Caught in the Matrix of the Housing Bubble

Cult films are a distinctive feature of post-modern cinema. In an earlier post I argued that Napoleon Dynamite is a recent example of the phenomenon. One could list others, of course, but one in particular stands out: the Wachowski Brothers’ The Matrix. The cult film phenomenon involves, among other things, appropriating a public text for private, yet still shared, means, sometimes far beyond what the original filmmakers may have envisioned. The Matrix has inspired all kinds of speculation on the nature of reality–some of it interesting, some of it silly. The filmmakers themselves supposedly based the series on a misreading of a philosopher with a cult following, Michel Foucault.

Now the Matrix as metaphysics idea has come full circle. John Tierney reports in today’s New York Times on an Oxford philosophy professor named Nick Bostrom who argues there’s a good chance that we may be living in a computer simulation. Tierney explains,

This simulation would be similar to the one in “The Matrix,” in which
most humans don’t realize that their lives and their world are just
illusions created in their brains while their bodies are suspended in
vats of liquid. But in Dr. Bostrom’s notion of reality, you wouldn’t
even have a body made of flesh. Your brain would exist only as a
network of computer circuits.

Bostrom’s theory is unprovable, but Tierney goes so far as to claim he has a "gut feeling" there’s a better than 20% chance that our world is just a computer simulation. I guess it takes a more sensitive gut to detect this possibility than the one I have, because my gut has no inkings about being trapped in a computer simulation.
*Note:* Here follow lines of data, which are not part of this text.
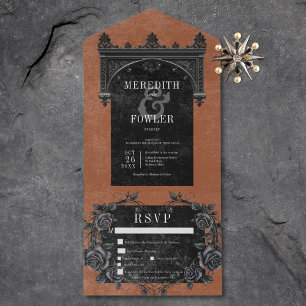 Gothic Black Arch & Black Roses Rust Three Dinner All In One Invitation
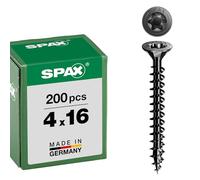 Spax Universal Screw, Countersunk Head, Black, T-Star Plus, Full Thread (4 x 16 mm, Pack of 200)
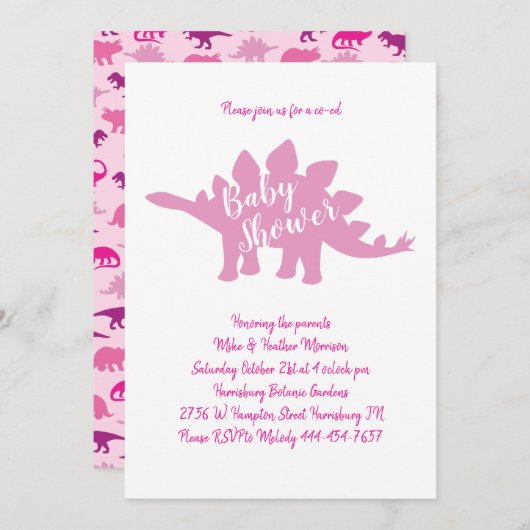 可愛い恐竜の赤ちゃんシャワーStegosaurusピンクの女の子 招待状 (正面/裏面)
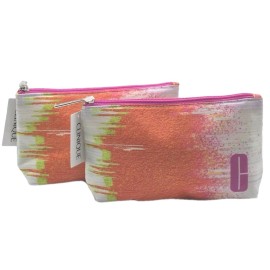 Clinique 2X NEW CLINIQUE COSMETIC BAG MAKEUP CASE BEAUTY POUCH 8" x 4" Multi Color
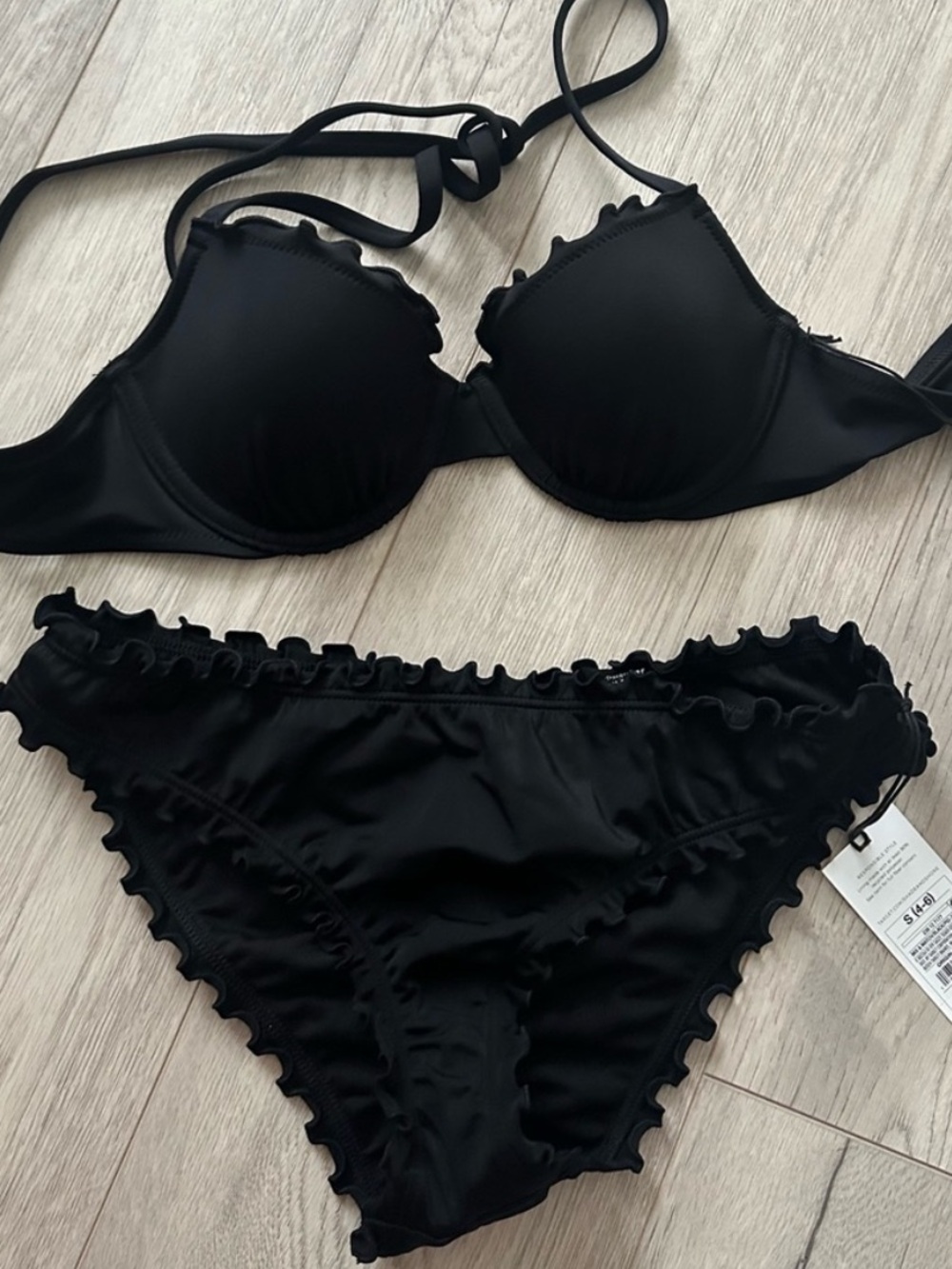 Shade & Shore Black Ruffled Bikini Set
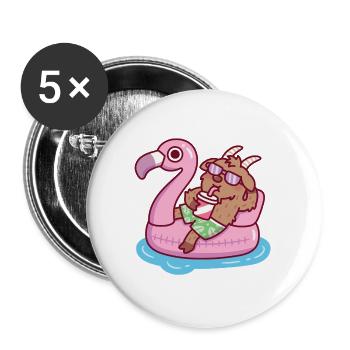 Ziege entspannt sich im Flamingo-Pool-Floatsommer - Buttons groß 56 mm (5er Pack) - Weiß - Vorne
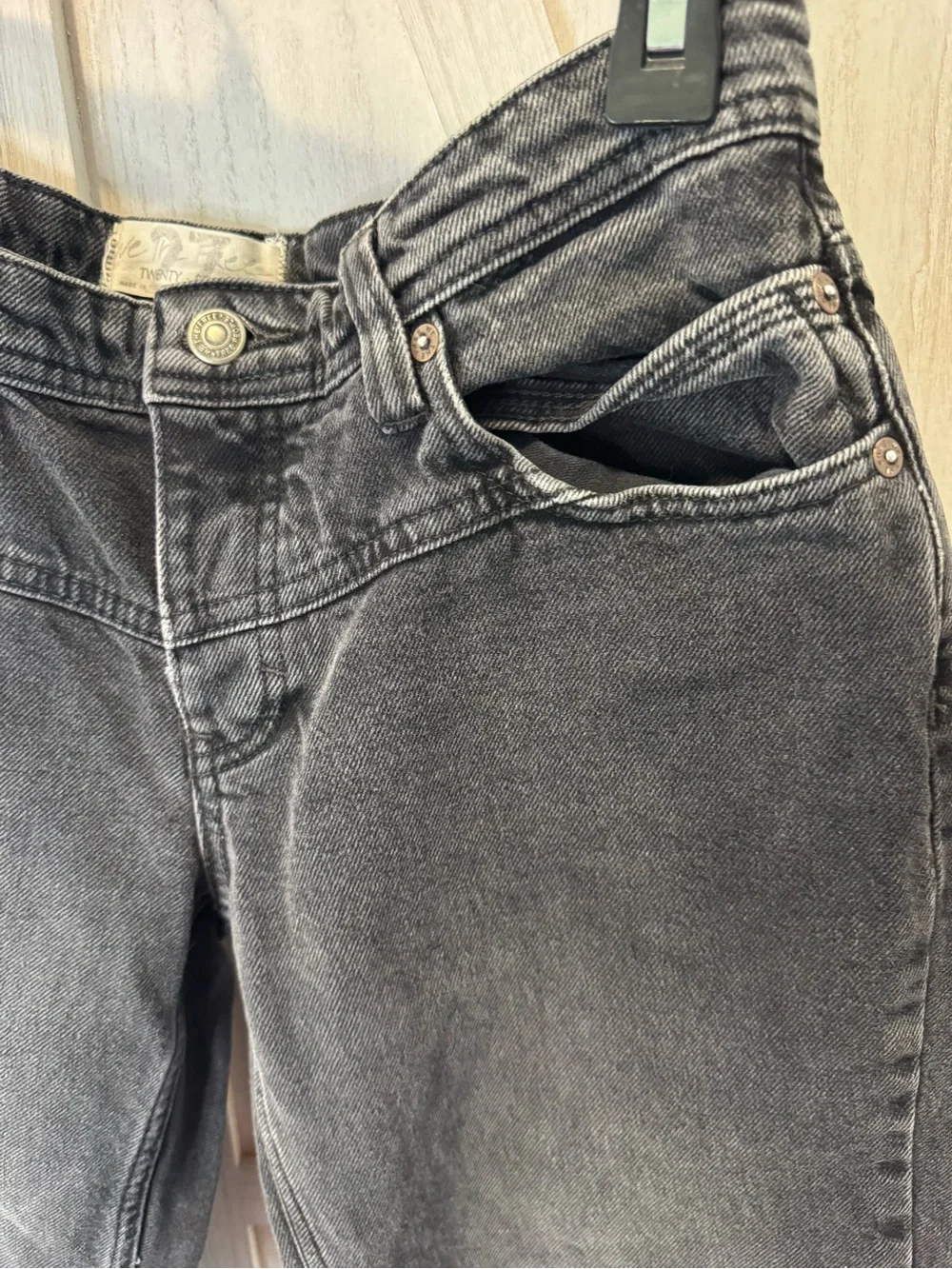 We The Free Black Washed Straight Leg Jeans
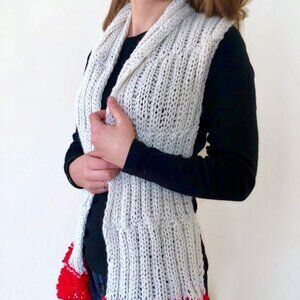 Hand knit unique scarf, Scarf with beads, Christmas gift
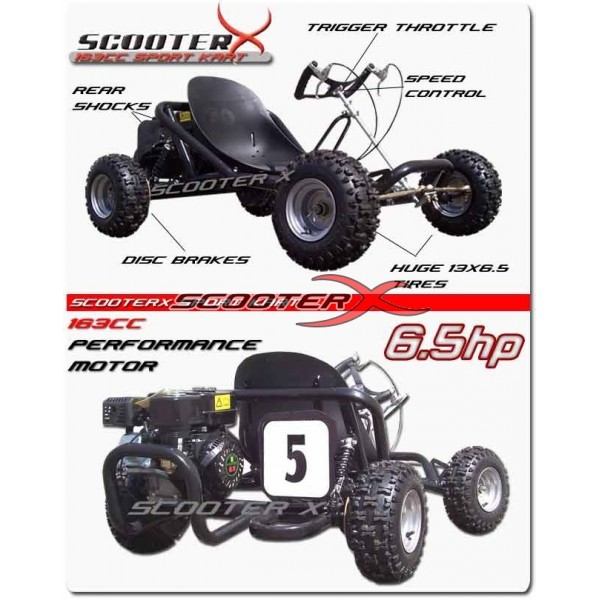 ScooterX Sport kart 6.5hp Off Road Go Kart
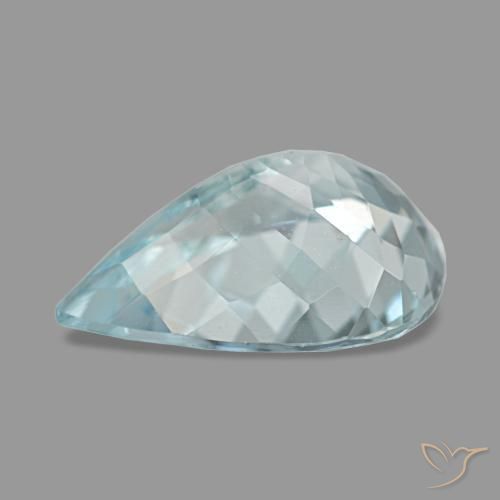 Aguamarina azul natural de 1,94 ct, en forma de pera, VS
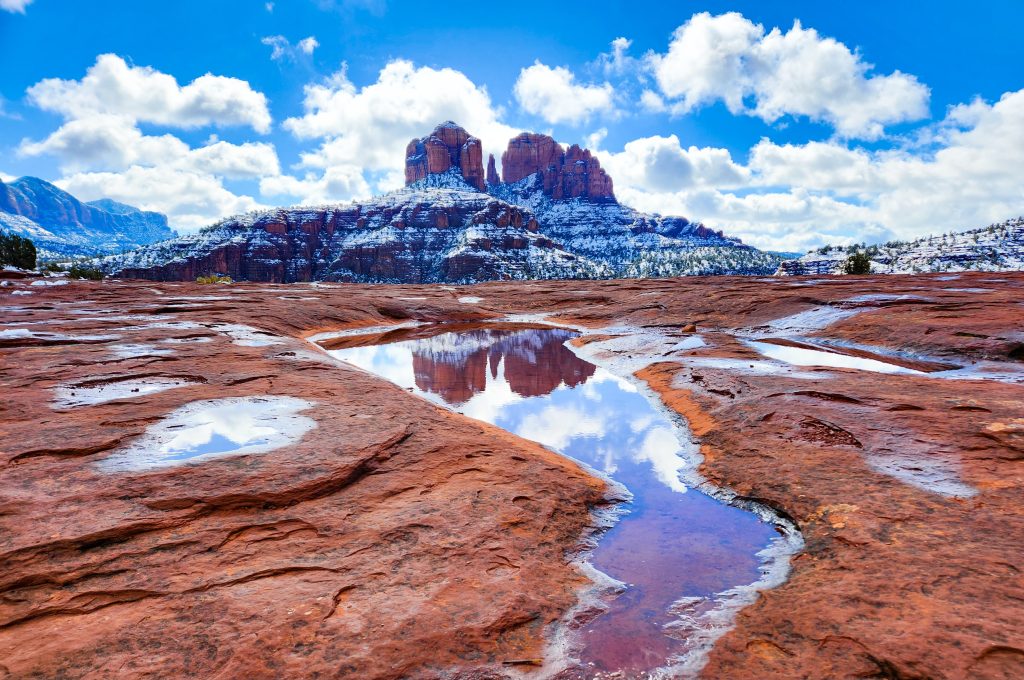 View of the red rocks from Secret Slickrock Trail, one of the best easy hikes in Sedona, Arizona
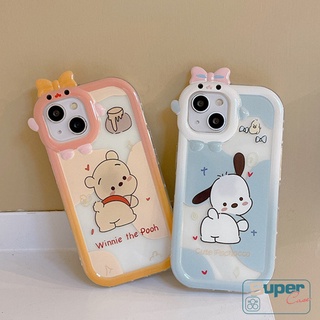 Ốp Điện Thoại Mềm Hình Gấu Pooh 3D Dễ Thương Cho IPhone 11 XR 6 6S 7 8 + 13 12 14 Pro MAX 14 + 11Pro MAX X XS MAX SE 2020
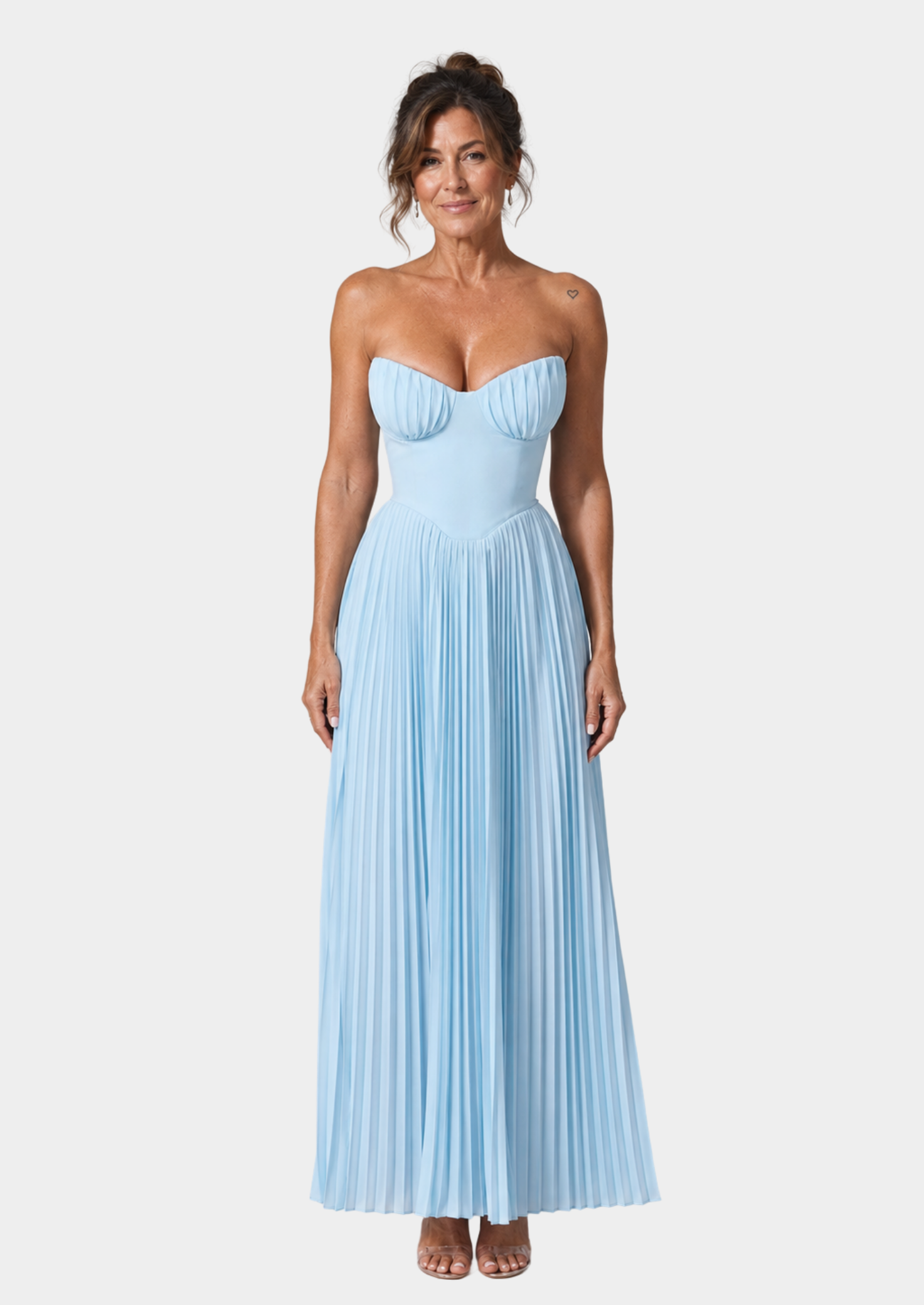 Women’s Strapless Pleated Midi Dress with Sweetheart Neckline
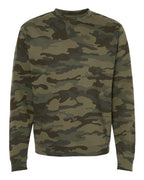 Independent Trading Co. SS3000, Unisex Midweight Crewneck Sweatshirt, Forest Camo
It’s probably just a coincidence that Tierney raises the virtual world question during a financial crisis in which vast sums of money were made based on the fiction that the housing market would expand well past Americans’ means to pay for housing. Still, if one wants to conduct a thought experiment about the nature of reality, then this is the direction I’d head toward.

Although Foucault is well known for his musings on the constructed nature of reality, Jean Baudrillard is our most systematic theorist of simulated worlds. His most famous concept is the simulacrum, i.e., the endless repetition of copies with no originals. Contemporary culture, according to Baudrillard, consists of the free exchange of signs without any referents. In earlier stages of Western culture the place of the referent was occupied by nature–raw materials and direct industrial production (e.g., turning raw rubber into tires), as well as artisan and craft modes of production. Now cultural products refer to nothing more than the circulation of commodities in late capitalism.

The recent housing boom saw a new phenomenon: flipping a house. At one time a private home was a middle class person’s last tie to a specific territory, a small, but very specific slice of nature. During the housing boom the home became just another commodity to be bought and sold on a global scale. The "California Dream" is now the LA housing market, where one’s mortgage starts off as a signed contract but quickly ends up as a chit in some vast investment portfolio in New York, Paris, Frankfurt, or Tokyo. The tangible reality of the home, where Bachelard tells us houses our daydreams, is like the bodies suspended in liquid in The Matrix: just a husk, its intrinsic value is determined in some obscure and complex marketplace few people truly understand. Life in today’s real estate market is a gut-wrenching experience that may very well account for the intuitive sense that somebody out there is controlling our lives, and doesn’t really care what happens so long as the lindens pile up.